He leaned forward with his elbow on the table and his chin in his hand. “Then let’s discuss it tomorrow.”

She sank back exactly as far as he’d moved toward her, shaking her head no. “Avoiding each other, and having Lorelei and Colton avoid each other, would be a better course of action.”

He raised his eyebrows. “Oh, you’re going to avoid me? Don’t expect me to make out with you anymore, then.”

“We weren’t exactly making out,” she grumbled.

“Don’t expect me to pretend we’re together, either,” he said lightly. “Your choice. I’m not the one with the problems at work.”

She opened her mouth to respond—and he was really looking forward to what she would say—when a commotion distracted them both. All the dancers had stopped and faced the center of the room as if a dance-off were going down for cash.
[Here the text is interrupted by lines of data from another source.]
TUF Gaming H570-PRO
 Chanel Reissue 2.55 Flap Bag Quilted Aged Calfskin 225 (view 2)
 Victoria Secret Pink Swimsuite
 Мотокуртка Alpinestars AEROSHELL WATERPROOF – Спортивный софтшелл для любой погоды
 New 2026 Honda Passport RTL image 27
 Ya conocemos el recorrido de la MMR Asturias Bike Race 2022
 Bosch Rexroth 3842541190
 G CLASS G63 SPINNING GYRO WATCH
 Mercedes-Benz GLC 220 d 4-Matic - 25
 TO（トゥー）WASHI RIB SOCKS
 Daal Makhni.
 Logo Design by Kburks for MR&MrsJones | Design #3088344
The disturbance was so intriguing that someone notified the DJ, who lowered the volume on the electro-garbage until they could hear the beat of different music in the outer room, and above it all, very close by, Colton bellowing.

Daniel and Wendy recognized his voice and jumped up at the same time. While Wendy pushed through the dancers and disappeared in the direction of the disturbance, Daniel walked around the edge of the crowd, toward the bar, until he spotted Colton’s bodyguard in the shadows against the far wall, deep in conversation with Colton’s driver. Daniel waved to get the bodyguard’s attention, then opened his hands toward the crowd. The bodyguard looked surprised and hustled his big body in that direction. Either he’d been the only person in the bar not to realize that Colton was involved in an altercation, or he’d thought Colton getting in an argument in public didn’t break the threshold of occasions when he should intervene. Daniel mentally added lecturing the bodyguard to his long to-do list for tomorrow.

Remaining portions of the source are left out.